Gee Bee freaks unite!

Hi folks,

For me, the Gee Bee has a very important place in aviation history, it has almost cult status and has many fans.
I have loved this plane since I was a kid.
Incidentally I'm also responsible for modeling the Virtavia GeeBee for Flight Simulator FS9 and FSX, in case we have any FS freaks out there.

I just started rc flying a couple of months ago and was fortunate enough to snatch up the last two UMX Gee Bees at the local hobby store (one for learning and crashing, the other one for backup ).
True, the Gee Bee is not an easy plane to learn on but I enjoy the challenge and I couldn't pass the opportunity up because I have always loved the plane so much, and if you start to get it under control it is incredibly rewarding.
(You should have seen the look on the face of the guy in the store where I bought it when I told him I'm totally new to RC flying and this would be my very first rc plane... I've never seen anyone biting his tongue so hard ... HAHAHAHA...!!!)

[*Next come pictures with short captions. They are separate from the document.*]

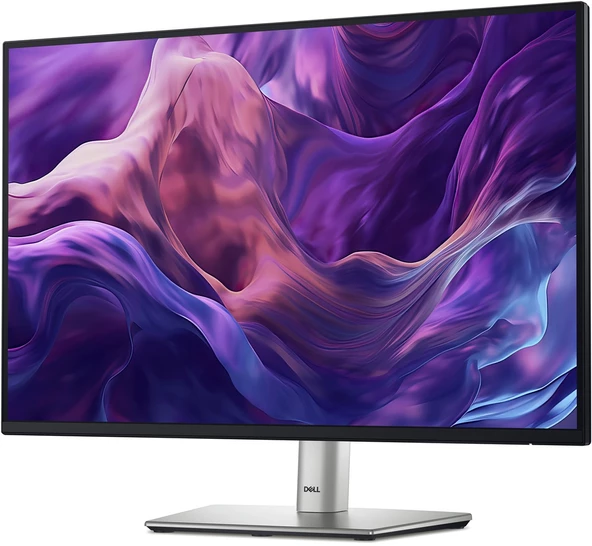 DELL 24 P2425E LED MONITOR USB-C 8 MS 100 HZ 1920 x 1200 VESA 1x DP 1x HDMI - 3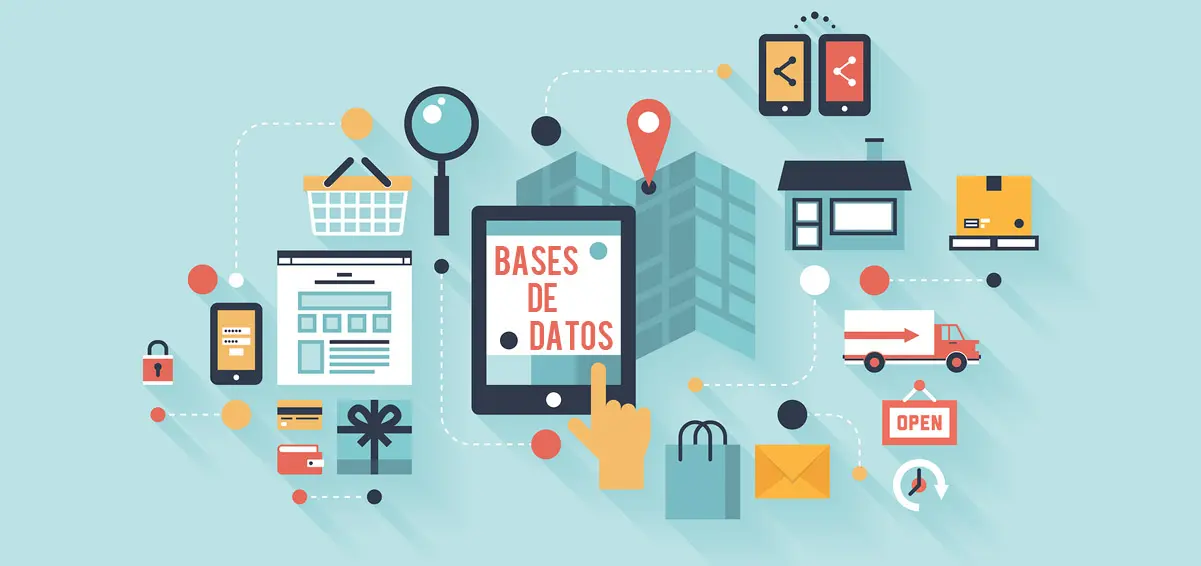 Base de Datos de Clientes y Marketing Directo: La Clave del Éxito - Qué es un sistema de base de datos de clientes base de datos de clientes y marketing directo - Qué es un sistema de base de datos de clientes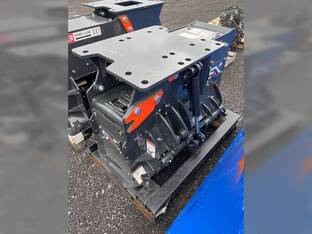 2022 SHEAREX VM-25SK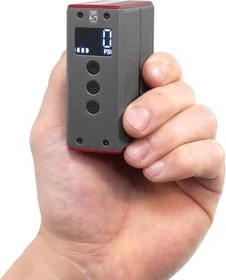 Silca Elettrico Ultimate Minipumpe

I know, there is already a huge thread dedicated to the UMX Gee Bee but this one is more about the cult status of the Gee Bee and about those of us who don't take "discontinued" for an answer but keep the delightful "killer Bee" in the air as long as possible.
Even though Horizon Hobby has discontinued this plane, I'm absolutely certain that there are still a number of diehards out there who have one and love flying it.
I also thought it would be nice to share tips and tricks on how we keep our little Gee Bees from dying, how we keep maintaining and especially crash proofing this wonderful little plane to keep it from going the way of other discontinued models. The UMX Gee Bee deserves to live on!

And especially - if anyone is flying a Gee Bee other than the UMX version, PLEASE join in, it can only widen our horizon and that's always a good thing.

Let's hear it for the Gee Bee...!!!
Last edited by airgoon; Oct 24, 2017 at 09:53 PM.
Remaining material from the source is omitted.